*** Opening of Provided records ***

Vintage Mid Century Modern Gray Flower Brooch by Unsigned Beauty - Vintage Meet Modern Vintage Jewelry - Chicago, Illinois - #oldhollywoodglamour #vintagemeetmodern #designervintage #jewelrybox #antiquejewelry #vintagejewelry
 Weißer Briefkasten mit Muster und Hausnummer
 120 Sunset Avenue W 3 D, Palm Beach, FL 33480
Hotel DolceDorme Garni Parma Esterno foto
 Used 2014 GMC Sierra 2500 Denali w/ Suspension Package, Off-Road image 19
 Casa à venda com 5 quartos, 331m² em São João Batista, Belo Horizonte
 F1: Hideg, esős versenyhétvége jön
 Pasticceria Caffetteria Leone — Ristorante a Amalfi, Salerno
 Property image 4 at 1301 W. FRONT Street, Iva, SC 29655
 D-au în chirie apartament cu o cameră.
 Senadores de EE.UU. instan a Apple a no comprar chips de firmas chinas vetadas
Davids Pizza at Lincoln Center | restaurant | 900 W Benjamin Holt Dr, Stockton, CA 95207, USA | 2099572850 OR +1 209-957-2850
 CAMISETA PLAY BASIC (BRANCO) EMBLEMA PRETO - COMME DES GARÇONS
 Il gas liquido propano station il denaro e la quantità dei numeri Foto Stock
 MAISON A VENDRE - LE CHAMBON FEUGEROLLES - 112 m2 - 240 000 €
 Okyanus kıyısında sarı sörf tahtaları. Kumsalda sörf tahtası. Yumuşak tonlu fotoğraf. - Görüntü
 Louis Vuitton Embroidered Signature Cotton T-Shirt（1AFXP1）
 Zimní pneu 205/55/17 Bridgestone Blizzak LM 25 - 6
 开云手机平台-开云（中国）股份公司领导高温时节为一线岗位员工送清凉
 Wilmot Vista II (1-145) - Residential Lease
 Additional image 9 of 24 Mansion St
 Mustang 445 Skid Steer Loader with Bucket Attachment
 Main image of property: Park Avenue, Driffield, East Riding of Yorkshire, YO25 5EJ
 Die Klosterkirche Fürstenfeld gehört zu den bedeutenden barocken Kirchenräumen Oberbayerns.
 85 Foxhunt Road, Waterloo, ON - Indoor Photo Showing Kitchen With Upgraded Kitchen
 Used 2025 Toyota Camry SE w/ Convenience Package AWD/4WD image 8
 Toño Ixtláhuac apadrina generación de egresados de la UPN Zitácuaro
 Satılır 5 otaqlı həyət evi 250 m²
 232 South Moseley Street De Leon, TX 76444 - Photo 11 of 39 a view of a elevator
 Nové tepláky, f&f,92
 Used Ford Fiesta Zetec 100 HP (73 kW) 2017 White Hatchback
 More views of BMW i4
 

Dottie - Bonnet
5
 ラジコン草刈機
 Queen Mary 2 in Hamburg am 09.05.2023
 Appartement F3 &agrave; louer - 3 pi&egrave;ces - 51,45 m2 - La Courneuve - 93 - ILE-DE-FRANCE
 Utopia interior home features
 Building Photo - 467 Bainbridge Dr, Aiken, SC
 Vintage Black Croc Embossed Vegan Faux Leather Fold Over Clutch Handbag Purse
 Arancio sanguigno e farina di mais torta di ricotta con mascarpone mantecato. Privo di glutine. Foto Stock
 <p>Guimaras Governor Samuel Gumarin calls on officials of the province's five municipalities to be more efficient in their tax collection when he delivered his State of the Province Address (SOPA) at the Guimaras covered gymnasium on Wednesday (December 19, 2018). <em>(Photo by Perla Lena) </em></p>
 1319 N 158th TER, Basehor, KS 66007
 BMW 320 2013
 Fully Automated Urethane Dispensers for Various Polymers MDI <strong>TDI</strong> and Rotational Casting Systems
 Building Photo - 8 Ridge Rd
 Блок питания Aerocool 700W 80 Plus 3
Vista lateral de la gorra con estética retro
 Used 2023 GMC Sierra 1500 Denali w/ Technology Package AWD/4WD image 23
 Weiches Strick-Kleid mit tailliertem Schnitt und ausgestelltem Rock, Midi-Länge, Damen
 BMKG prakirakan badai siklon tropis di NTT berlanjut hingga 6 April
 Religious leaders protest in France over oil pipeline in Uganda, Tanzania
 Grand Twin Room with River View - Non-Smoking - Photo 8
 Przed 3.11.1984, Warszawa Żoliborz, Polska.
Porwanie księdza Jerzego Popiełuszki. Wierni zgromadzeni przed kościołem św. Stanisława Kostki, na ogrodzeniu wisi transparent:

*** Close of Provided records ***

_What you will do:_ Leave out every line above except those from the line with "Religious leaders protest" up to and including the line with "Przed 3.11.1984, Warszawa Żoliborz, Polska.", and copy those exactly.

_Final answer:_
 Religious leaders protest in France over oil pipeline in Uganda, Tanzania
 Grand Twin Room with River View - Non-Smoking - Photo 8
 Przed 3.11.1984, Warszawa Żoliborz, Polska.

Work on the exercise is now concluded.